La Cour de justice de la Communauté économique des États de l’Afrique de l’Ouest (CEDEAO) a rendu un verdict symbolique concernant la refonte constitutionnelle de 2024 au Togo. Dans un arrêt dont les détails ont récemment filtré, l’institution communautaire qualifie cette modification de « changement inconstitutionnel de gouvernement ». Selon les juges, cette manœuvre législative a servi à contourner la limitation des mandats présidentiels, s’appuyant sur l’article 23(5) de la Charte africaine de la démocratie, des élections et de la gouvernance (CADEG).

La juridiction souligne que cette réforme a été menée dans un contexte particulier : elle a été votée par une Assemblée nationale dont le mandat était officiellement expiré depuis la fin de l’année 2023. De plus, l’absence de consultation populaire directe avant l’adoption de ce texte, juste avant les législatives, a été pointée du doigt comme un indicateur d’une volonté d’éviter le débat démocratique national.

Ce basculement vers la Cinquième République a transformé le régime semi-présidentiel du Togo en un système intégralement parlementaire. Désormais, le chef de l’État n’est plus désigné par le peuple mais par les parlementaires pour un mandat de quatre ans. Le cœur du pouvoir exécutif réside maintenant entre les mains du président du Conseil des ministres, poste occupé par Faure Essozimna Gnassingbé, au pouvoir depuis 2005.

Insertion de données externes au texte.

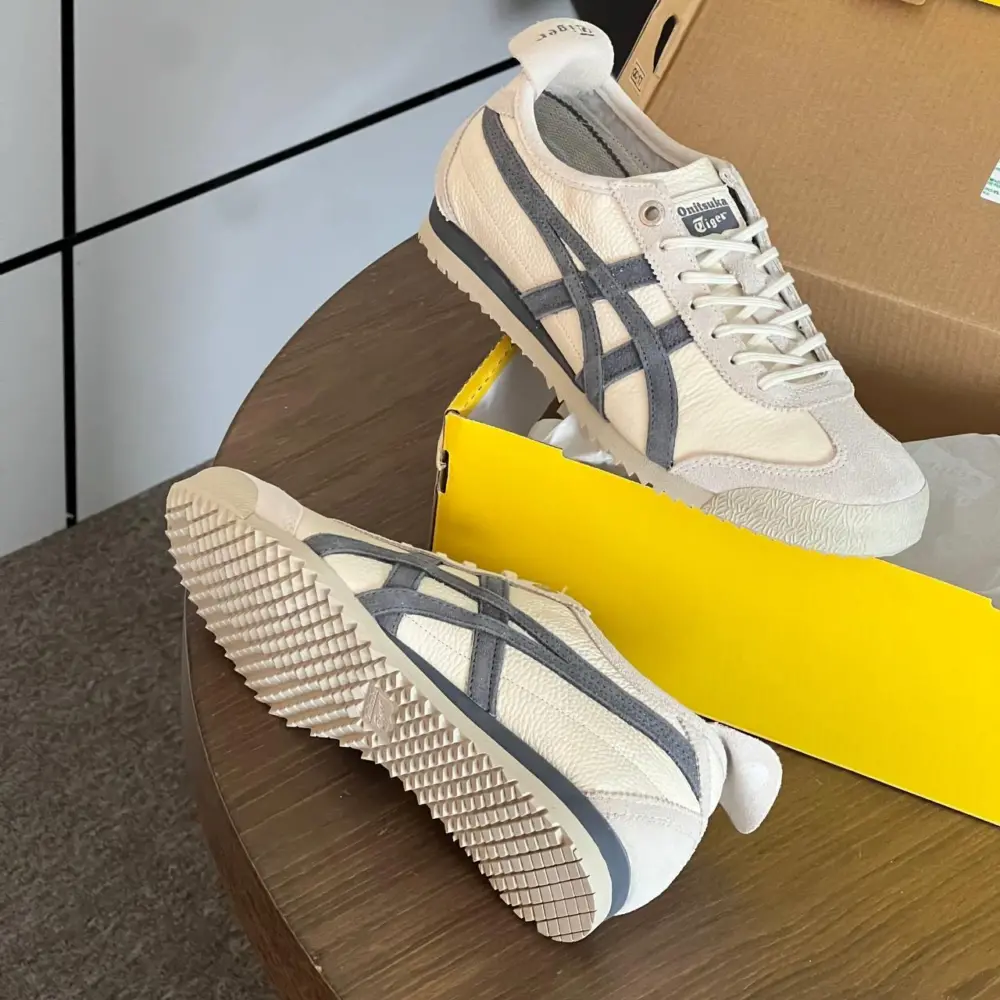 Giày Onitsuka Tiger Mexico 66 SD ‘Birch’ 1183C015-200 - Ảnh 3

Une décision sans sanctions immédiates pour Lomé

Malgré la sévérité du constat, l’arrêt de la Cour de la CEDEAO ne provoque pas l’annulation de la Constitution du 6 mai 2024. Aucune sanction financière ou politique n’a été prononcée contre l’État togolais. La Cour s’est contentée d’exhorter les autorités à respecter leurs engagements internationaux lors de futures révisions législatives. Par ailleurs, elle a rejeté l’accusation de violation du droit de participation des citoyens, notant que les élections de 2025 s’étaient déroulées avec une participation électorale effective.

La procédure avait été lancée en avril 2024 par un collectif comprenant la Ligue togolaise des droits de l’homme (LTDH) et plusieurs formations politiques d’opposition, notamment l’Alliance nationale pour le changement (ANC), l’ADDI et les FDR. Le collège de juges, dirigé par Ricardo Cláudio Monteiro Gonçalves, a ainsi apporté une réponse juridique à une crise politique qui secoue le pays depuis plusieurs mois.

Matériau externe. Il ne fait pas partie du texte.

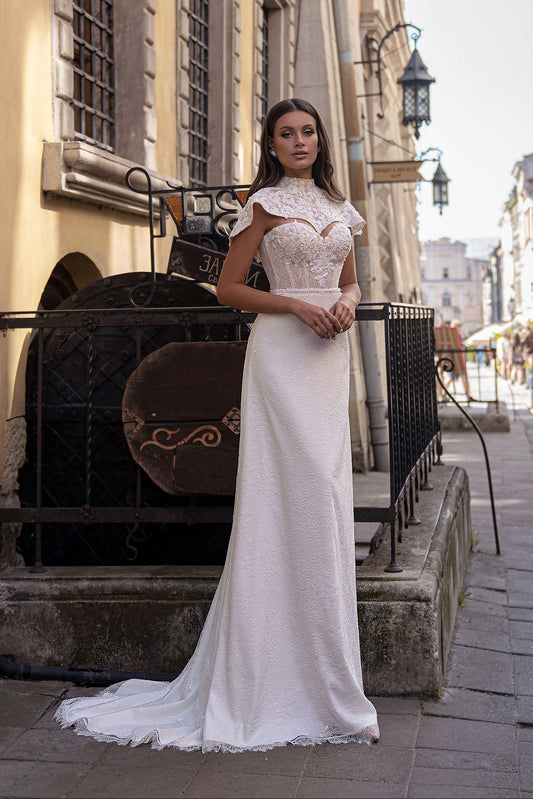 KatrinFAVORboutique-Sparkle gown Women's special occasion outfits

Réactions contrastées entre l’opposition et le pouvoir

Pour l’opposition, ce jugement est une victoire morale. L’ANC, dirigée par Jean-Pierre Fabre, y voit un désaveu cinglant pour le régime en place et réclame l’ouverture d’une transition politique pour restaurer les fondements républicains. Le parti appelle également la communauté internationale à tirer les conséquences de cette décision dans ses relations diplomatiques avec le Togo.

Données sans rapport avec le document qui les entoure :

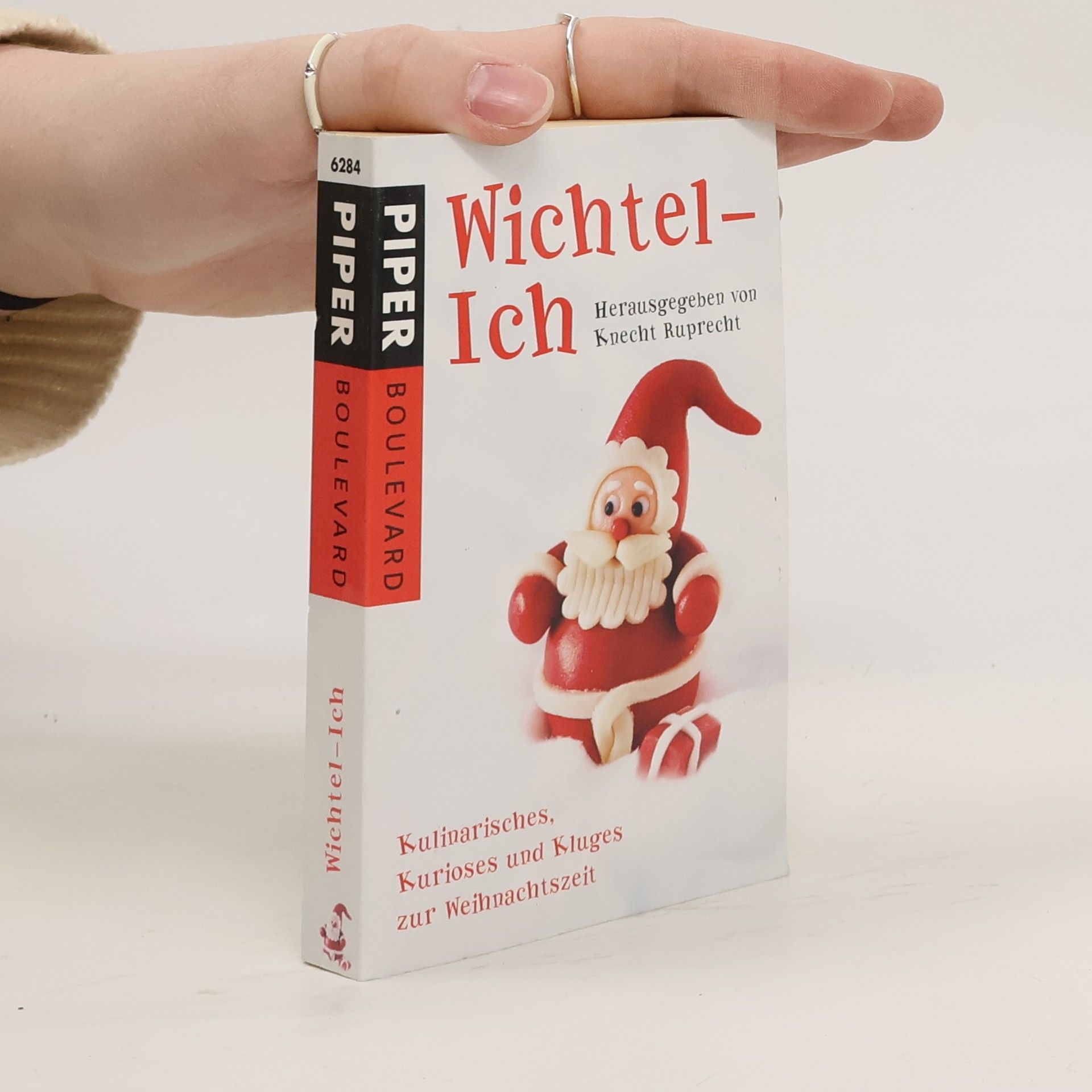 Knecht Ruprecht Wichtel-Ich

Du côté de Lomé, le silence reste de mise. Le gouvernement n’a pas encore commenté officiellement cette décision. Ce dossier illustre une application rare de la CADEG par la justice communautaire face à une révision constitutionnelle votée par un parlement souverain. La famille Gnassingbé, à la tête du pays depuis 1967, continue de structurer la vie politique togolaise, alors que la réforme de 2024 a mis fin à l’élection présidentielle au suffrage direct juste avant l’échéance du mandat en cours.